[ASSIGNMENT]: Write out each entry below exactly; the images do not belong in your copy.

Data records:
↓
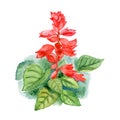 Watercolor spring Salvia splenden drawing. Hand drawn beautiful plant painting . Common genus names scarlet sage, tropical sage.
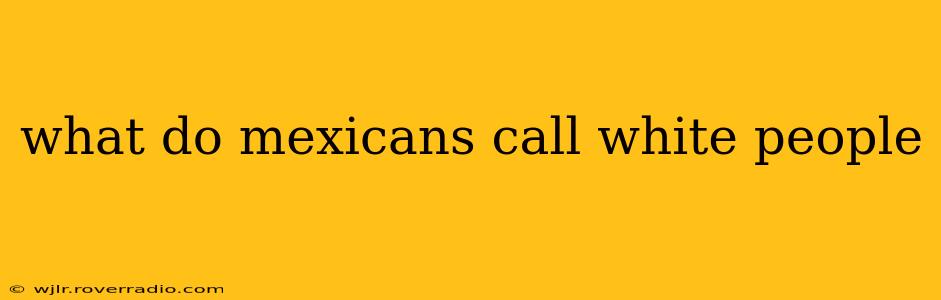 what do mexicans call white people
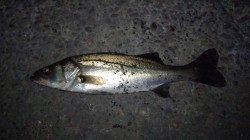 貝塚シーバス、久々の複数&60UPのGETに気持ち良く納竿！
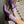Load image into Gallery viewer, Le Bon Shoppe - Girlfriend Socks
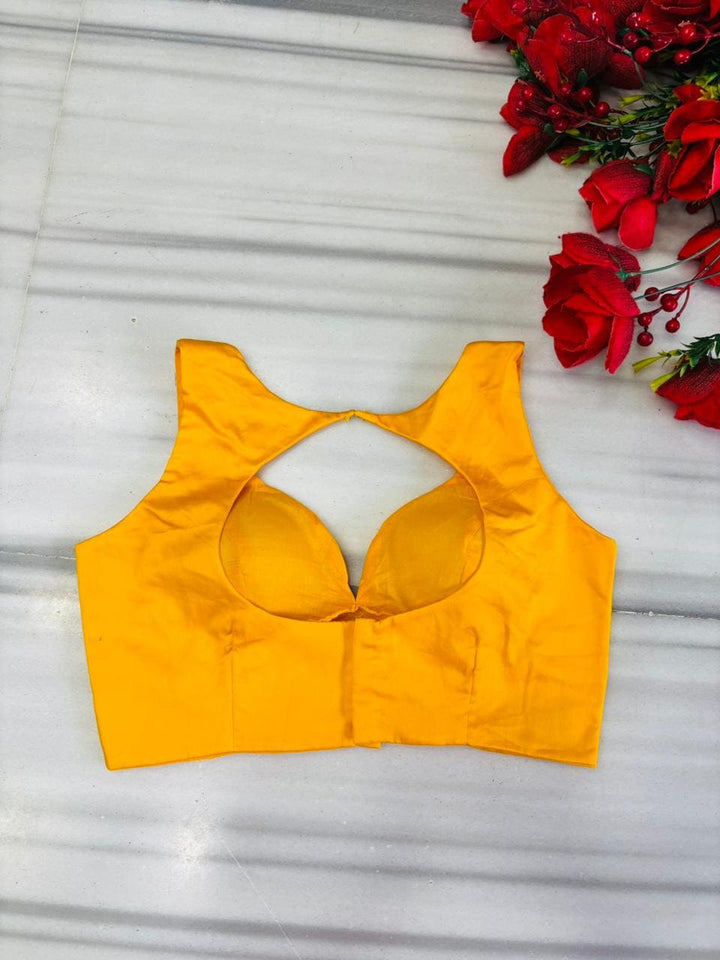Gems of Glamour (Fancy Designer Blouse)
↑
[RESULT OF THE TASK]:
 Watercolor spring Salvia splenden drawing. Hand drawn beautiful plant painting . Common genus names scarlet sage, tropical sage.
 what do mexicans call white people
 貝塚シーバス、久々の複数&60UPのGETに気持ち良く納竿！
Load image into Gallery viewer, Le Bon Shoppe - Girlfriend Socks
Gems of Glamour (Fancy Designer Blouse)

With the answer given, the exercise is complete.